**Required work**. Further down are entries; set down exactly and only the lines from the one with "Trovarsi isolati" up to and including the one with "CBA新赛季赛程敲定 外援使用规则迎来调整", dropping each picture.

**Provided records**.
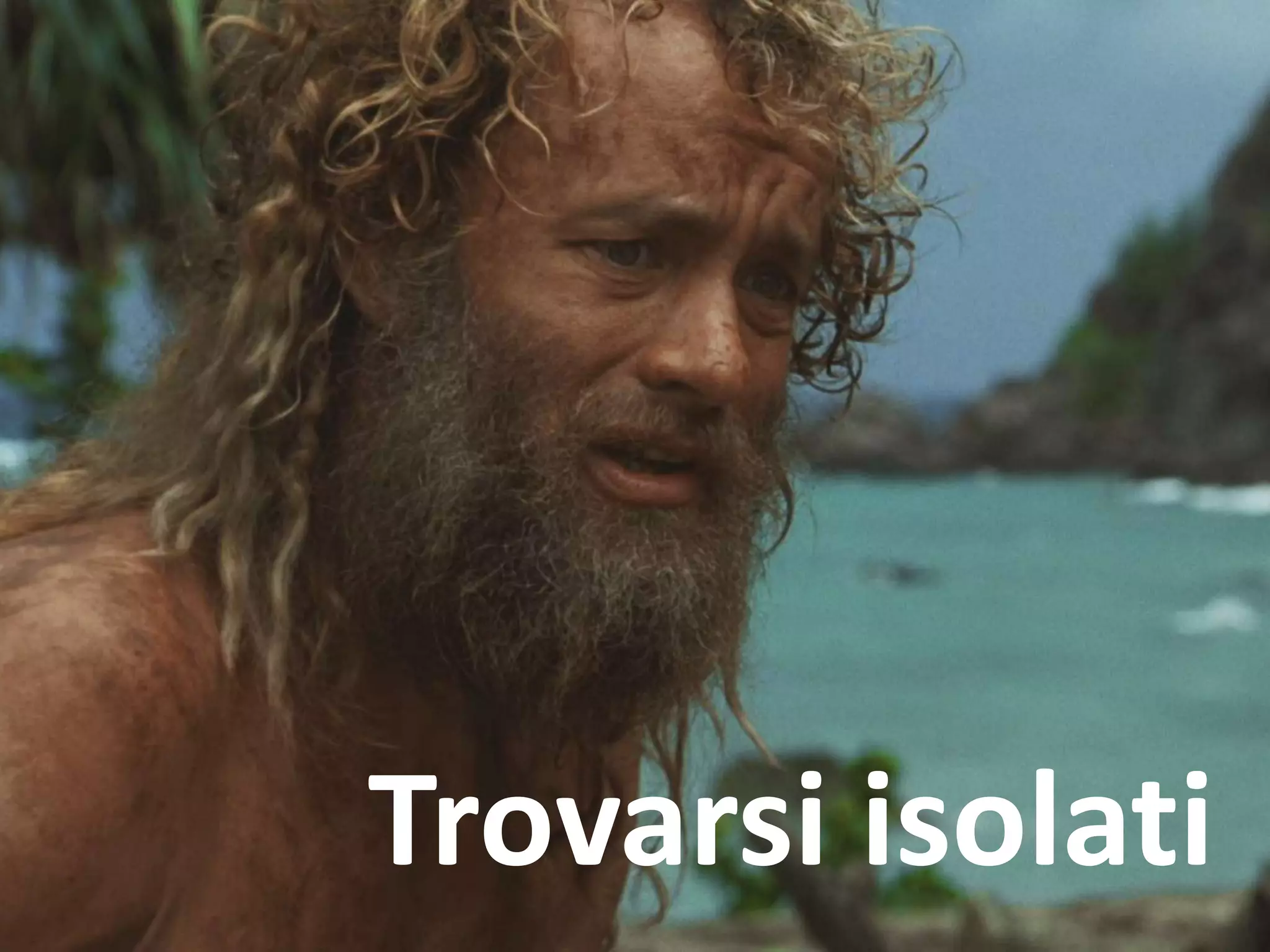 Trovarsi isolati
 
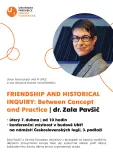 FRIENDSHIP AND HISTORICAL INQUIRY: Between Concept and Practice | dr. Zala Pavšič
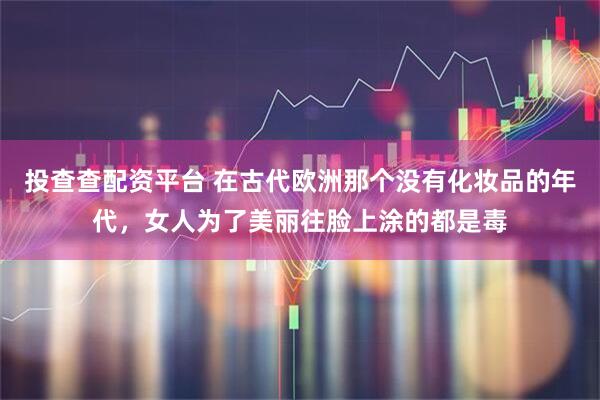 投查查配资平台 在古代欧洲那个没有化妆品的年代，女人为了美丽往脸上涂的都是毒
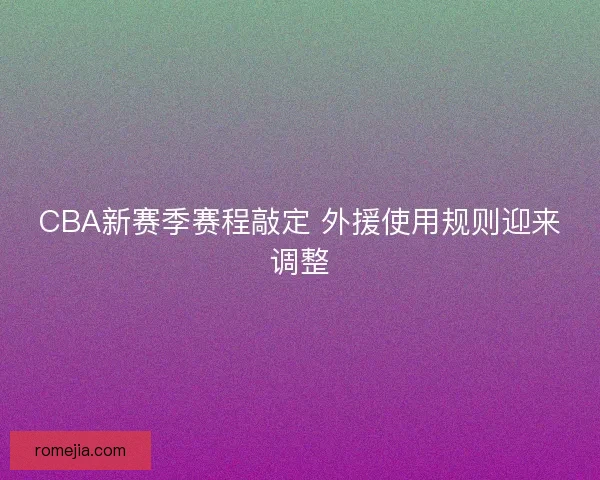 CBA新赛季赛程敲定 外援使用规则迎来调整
...
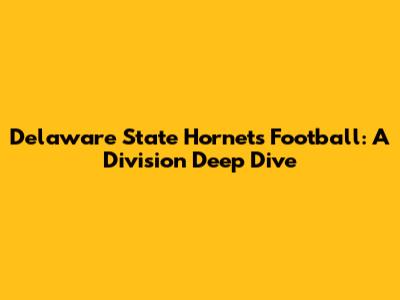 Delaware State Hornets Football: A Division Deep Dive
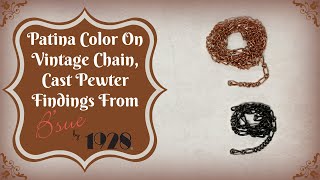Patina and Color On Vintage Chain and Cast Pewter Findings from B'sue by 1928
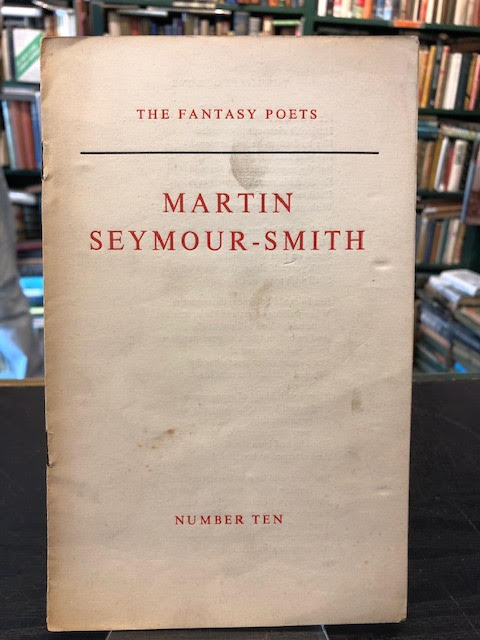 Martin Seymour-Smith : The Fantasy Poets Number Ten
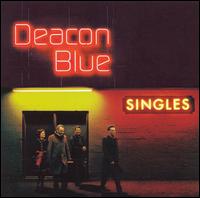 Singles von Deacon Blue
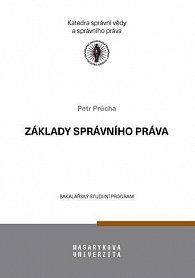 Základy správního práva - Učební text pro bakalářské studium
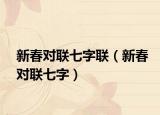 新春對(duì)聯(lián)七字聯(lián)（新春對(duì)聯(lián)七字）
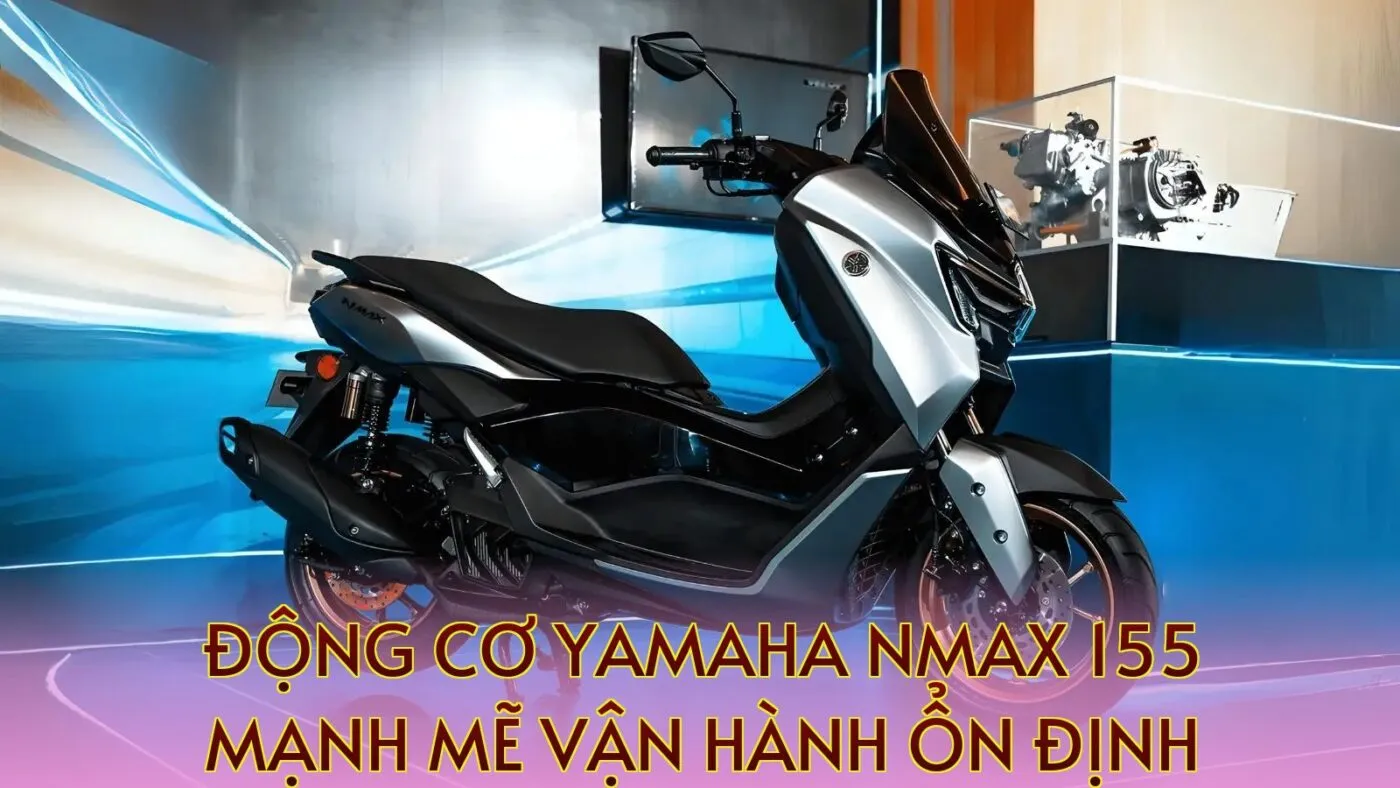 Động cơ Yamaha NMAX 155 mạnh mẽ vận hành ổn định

**Your response**.
 Trovarsi isolati
 
 FRIENDSHIP AND HISTORICAL INQUIRY: Between Concept and Practice | dr. Zala Pavšič
 投查查配资平台 在古代欧洲那个没有化妆品的年代，女人为了美丽往脸上涂的都是毒
 CBA新赛季赛程敲定 外援使用规则迎来调整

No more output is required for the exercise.